Auch die Bandbreite an Hintergrundmusik wurde verdoppelt. ClaDun x2 verfügtüber 23 neue Tracks, welche leider nie einen offiziellen Soundtrack-Release erfahren haben. Zizz Studio (ClaDun, Atelier Elkrone) ist auch hier wieder für die Musik zuständig und überrascht mit einer sehr atmosphärischen Untermalung, die man bei einer so vereinfachten Präsentation gar nicht erwartet hätte. Neben einigen neuen Stücken, welche die ansonsten belanglosen Zwischensequenzen etwas aufwerten, gibt es auch viele schöne Melodien, die das routinierte Dungeoncrawling kurzweiliger machen, darunter auch einige gesungene Stücke. Für die Rangeons hat der Spieler sogar die Möglichkeit bestimmte BGMs aus- oder anzuschalten, die dann in zufällig bestimmten Ebenen des Dungeons gespielt werden. Bei einem schönen Lied macht das Erkunden gleich doppelt so viele Freude! Wie schon beim Vorgänger gibt es auch hier wieder das Feature, mit welchem schon Half Minute Hero versuchte, den Retro-Charme der Pixelgrafik noch zu verstärken; eine 8-Bit-Version des Soundtracks. Das klingt aber leider in der Theorie besser als es sich im Spiel anhört. Die 8-Bit-Version versucht mit den Retro-Sounds die Klänge des Originals zu imitieren, aber die Musik hört sich dabei nie nach einem authentischen und homogenen Chiptune-Soundtrack an. Die Melodien klingen seltsam und unharmonisch. Während deswegen also für den Großteil des Spiels die Originalmusik zu bevorzugen ist, stellt die 8-Bit-Version nichtsdestotrotz eine willkommene Abwechslung während der vielen Stunden Dungeoncrawling dar. Außerdem hat der Spieler auch die Möglichkeit mithilfe einer angepassten Music Macro Language (MML, eine Beschreibungssprache für Chiptunes) selber kreativ zu werden und Musik für die Rangeons zu komponieren.
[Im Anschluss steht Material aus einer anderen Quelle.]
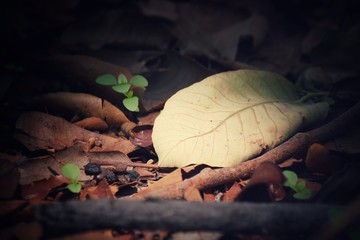Dried leaves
Das Opening des Spiels wird von Kanako Itou (Chaos;Head) interpretiert und schafft es sehr gut mit mysteriösen und spannenden Klängen auf die Abenteuer in Arcanus Cella einzustimmen und weckt damit Erwartungen, welche die Geschichte zwar nicht erfüllen kann, die wirklich atmosphärische Musik des Spiels allerdings schon. Selbst wer mit ClaDun x2 nichts anfangen kann, sollte unbedingt einmal in den Soundtrack reinhören.

 

Trailer

 

 

Cladun x2: Doppelt so gut wie der erste Teil?

Bietet ClaDun x2 dem Spieler denn nun auch doppelt so viel Spaß? Dies vielleicht nicht, aber dank der konsequenten Fortführung und an den richtigen Stellen eingesetzte sinnvolle Erweiterungen der innovativen Spielmechanik dürfte jedem Fan des ersten Teils sehr viele Stunden an spaßigem Grinden, Farmen und Dungeoncrawling bevorstehen. Gelegenheitsspieler werden allerdings wahrscheinlich eher enttäuscht von der sehr schwachen Geschichte und oft frustriert von dem auf erfahrene Spieler ausgelegten Schwierigkeitsgrad und dem hohen Grad an zum Teil unfairer Zufälligkeit in den Rangeons sein.